Gas is fresh and treated with Heet. Pulling the high speed needle lets the bowl drain and fill with fresh gas. Spraying ether either into the carb or into the sparkplug hole doesn't get a pop. Dumping a tablespoon of gas into the sparkplug hole doesn't get a pop. Warming the sparkplug with a torch doesn't help. 

Extended cranking usually results in gas slowly dripping out of the carb. It still does this. Extended cranking also used to eventually result in heavy grayish vapor coming out of the muffler and then eventually it would begin to pop. This time there's no obvious vapor coming from the muffler. I'd suspect a carb problem, but putting gas/ether directly into the sparkplug hole seems like it would at least get a pop or a short run, and there's nothing.

I'm wondering if the flywheel key sheared and the timing got hosed, but it ran OK when it was parked last spring. Nothing I've done should have affected the key.

Ideas? The lane is 1/4 mile long, and I really, really need to get the blower working again. Thanks. 

MT


----------



## Vegassparky (Nov 24, 2013)

Are you sure you have compression? Pull the plug, crank the starter for a few revolutions to clear out that cylinder, and add a few drops of motor oil into the spark plug hole. Then quickly reinstall the plug, and use a little starting fluid at the carb inlet to see if it fires.


----------



## Basementgeek (Feb 7, 2005)

Hi and welcome to TSF

If you have fuel, spark and compression it will fire.

You had the flywheel off, how was the key way ? Are you sure it did not fall out when you put the flywheel back on ? I assume you got the points gap correctly.

Look in spark plug hole and see if you can see the valves moving up and down.

BG


----------



## Midnite Tweeker (Jan 30, 2014)

Basementgeek said:


> Hi and welcome to TSF
> 
> If you have fuel, spark and compression it will fire.
> 
> ...


No, I did not have the flywheel off. The points are on the side of the engine and the flywheel did not need to be removed to replace the coil. 

I've adjusted the points gap everywhere from "they never close" to "they never open" and everywhere in between and it makes no difference. It never so much as pops or sputters.

I originally had thought to stuff nylon rope into the cylinder via the sparkplug hole to prevent crank rotation while I wrenched on it. That's when I discovered that the sparkplug hole did not open directly into the cylinder. Probing into the hole with a rod I did determine that I could touch at least one valve that moved up and down. I'll take a flashlight with me tomorrow & see if I can see both of them.

I also layed the loose sparkplug with its wire across the sparkplug hole to see if any vapor would be pumped out that might ignite. Nothing, although the sparkplug was repeatedly lifted an inch above the hole by the blast of air being pumped out.

MT


----------



## Midnite Tweeker (Jan 30, 2014)

Vegassparky said:


> Are you sure you have compression? Pull the plug, crank the starter for a few revolutions to clear out that cylinder, and add a few drops of motor oil into the spark plug hole. Then quickly reinstall the plug, and use a little starting fluid at the carb inlet to see if it fires.

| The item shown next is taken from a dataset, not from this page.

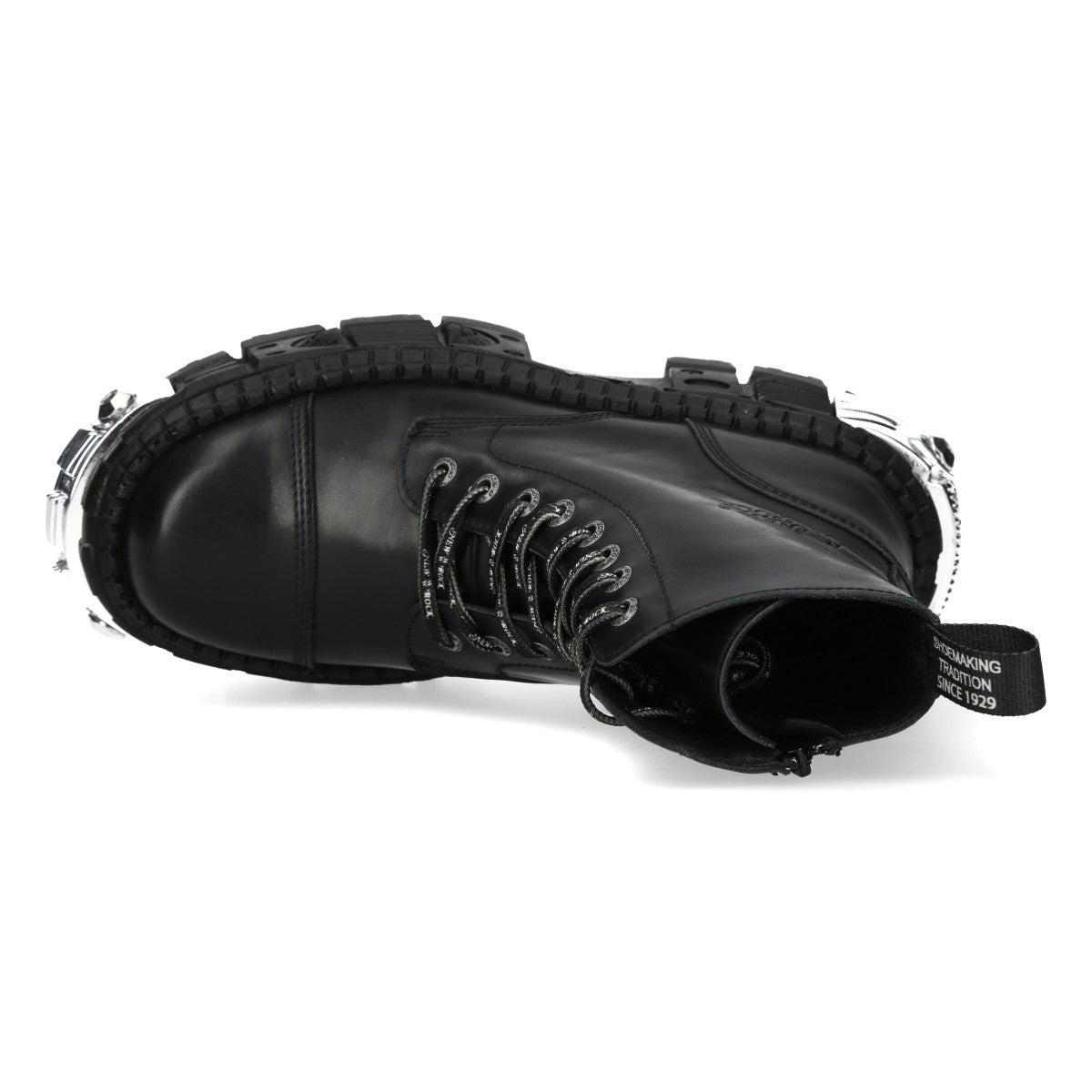 New Rock M-WALL083C-C12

I'm not sure of compression, but I have layed the loose sparkplug with wire across the open sparkplug hole in an attempt to ignite any vapor that might be pumped out. Got nothing, although the plug was tossed up an inch into the air by the blast of air rushing out of the hole.

I'll try adding some oil to the cylinder tomorrow. 

I have to admit this really has me stumped. I've been fiddling with this a couple weeks, having been down the path of first installing a Magnetron (in an attempt to join the 21st century), then discovering that the flywheel magnet would need to be repolarized in order for the Magnetron to work, then removing the Magnetron and re-installing the old coil but with new points and condenser, then discovering that the new points had a manufacturing defect that shorted to ground, then replacing the new points with the original points (which were still in good condition) but keeping the new condenser and still having no spark, and then finally installing a new magneto coil which ultimately restored the spark. 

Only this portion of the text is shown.